Short descriptive text snippets:
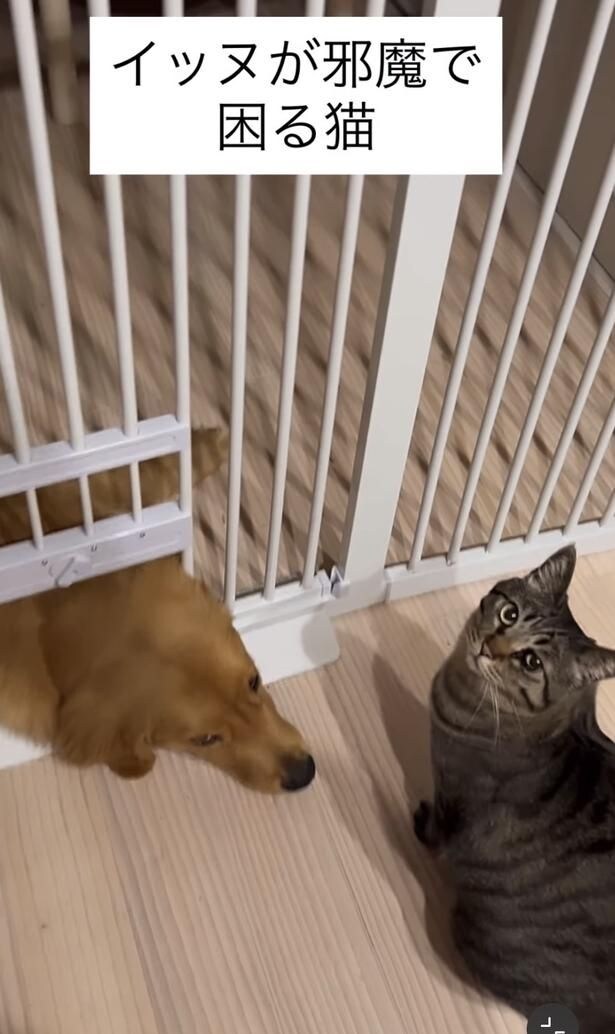 通れなくて立ち往生▶（次画像からブゥンと鼻を鳴らす犬のこまちと、元気いっぱいな猫のタビとのほっこりライフ『まめきちまめこニートの日常　こまちとタビ1』が読めます）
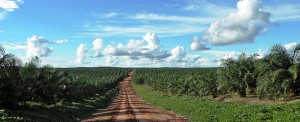 Oil palm plantation landscape in Papua, Indonesia. Photo: Agus Andrianto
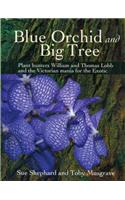 Blue Orchid and Big Tree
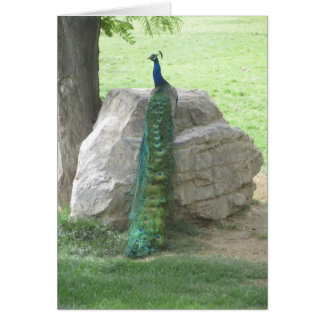 Pavo real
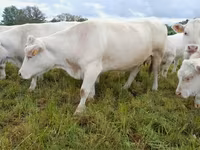 Krowa, Charolais cattle — zdjęcie 7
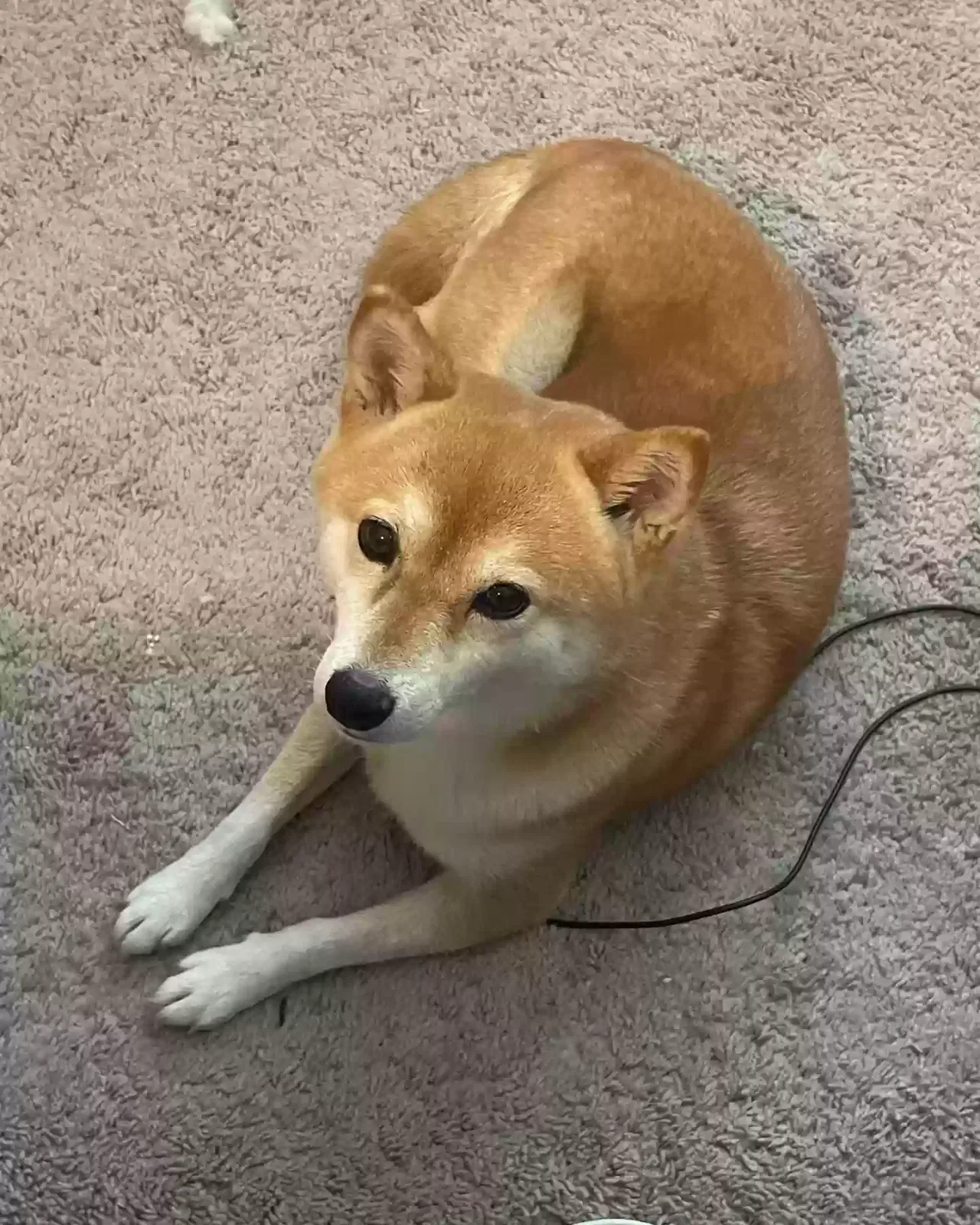 Lost dog in San Antonio, TX, 78222
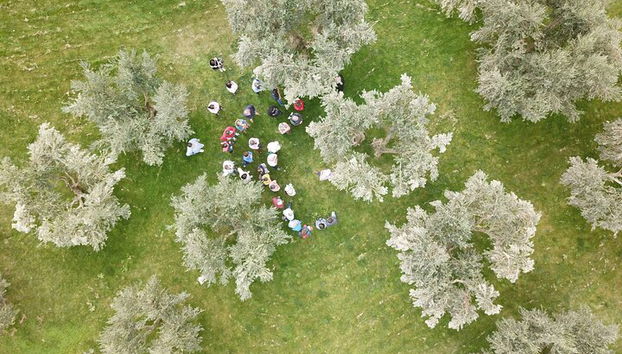 Oleotourism in Navarre. Visit and tasting of organic EVOO Artajo - Photo 4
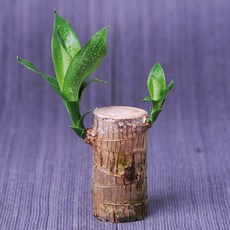 가꾸지오 공기정화식물 행운목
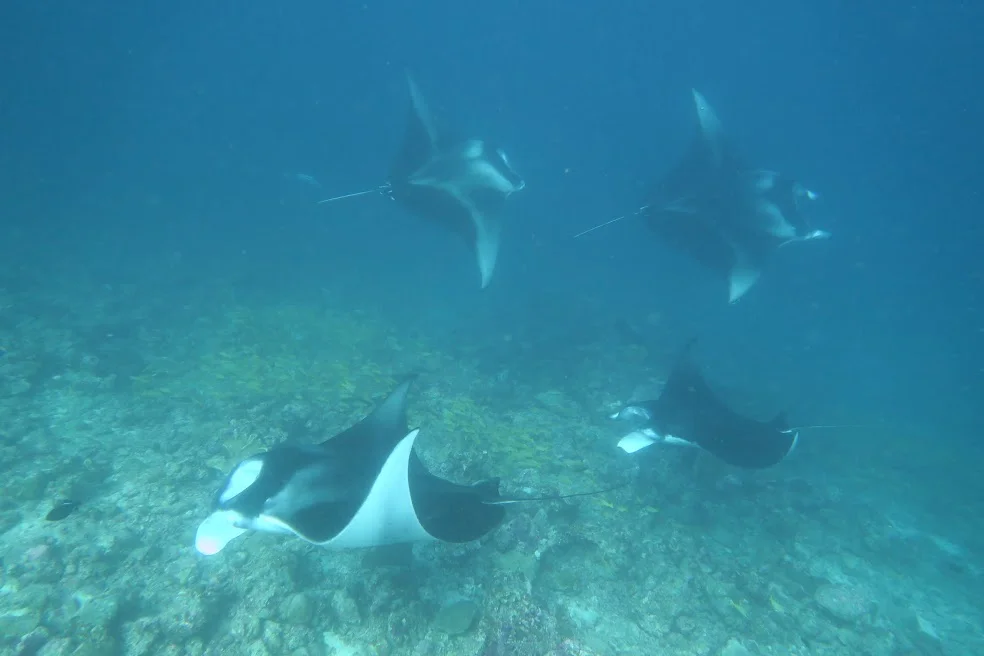 A congregation of Mantas (photo: Dominique P).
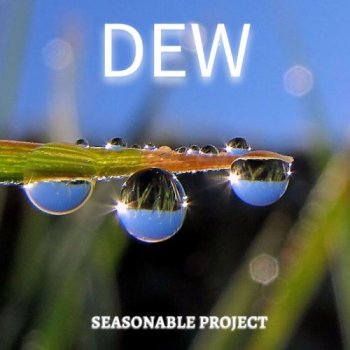 Seasonable Project - Dew (2020)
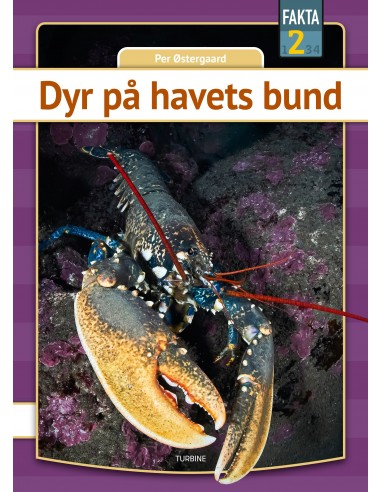 Dyr på havets bund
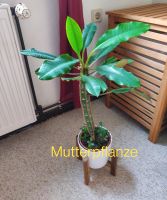 Euphorbia leuconeura Jungpflanze | Spuckpalme Madagaskar-Juwel Sachsen-Anhalt - Bernburg (Saale) Vorschau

### [Requirement]
Without any of its images, the data above should be returned exactly.

### [Response to this task]
 通れなくて立ち往生▶（次画像からブゥンと鼻を鳴らす犬のこまちと、元気いっぱいな猫のタビとのほっこりライフ『まめきちまめこニートの日常　こまちとタビ1』が読めます）
 Oil palm plantation landscape in Papua, Indonesia. Photo: Agus Andrianto
 Blue Orchid and Big Tree
 Pavo real
 Krowa, Charolais cattle — zdjęcie 7
 Lost dog in San Antonio, TX, 78222
 Oleotourism in Navarre. Visit and tasting of organic EVOO Artajo - Photo 4
 가꾸지오 공기정화식물 행운목
 A congregation of Mantas (photo: Dominique P).
 Seasonable Project - Dew (2020)
 Dyr på havets bund
 Euphorbia leuconeura Jungpflanze | Spuckpalme Madagaskar-Juwel Sachsen-Anhalt - Bernburg (Saale) Vorschau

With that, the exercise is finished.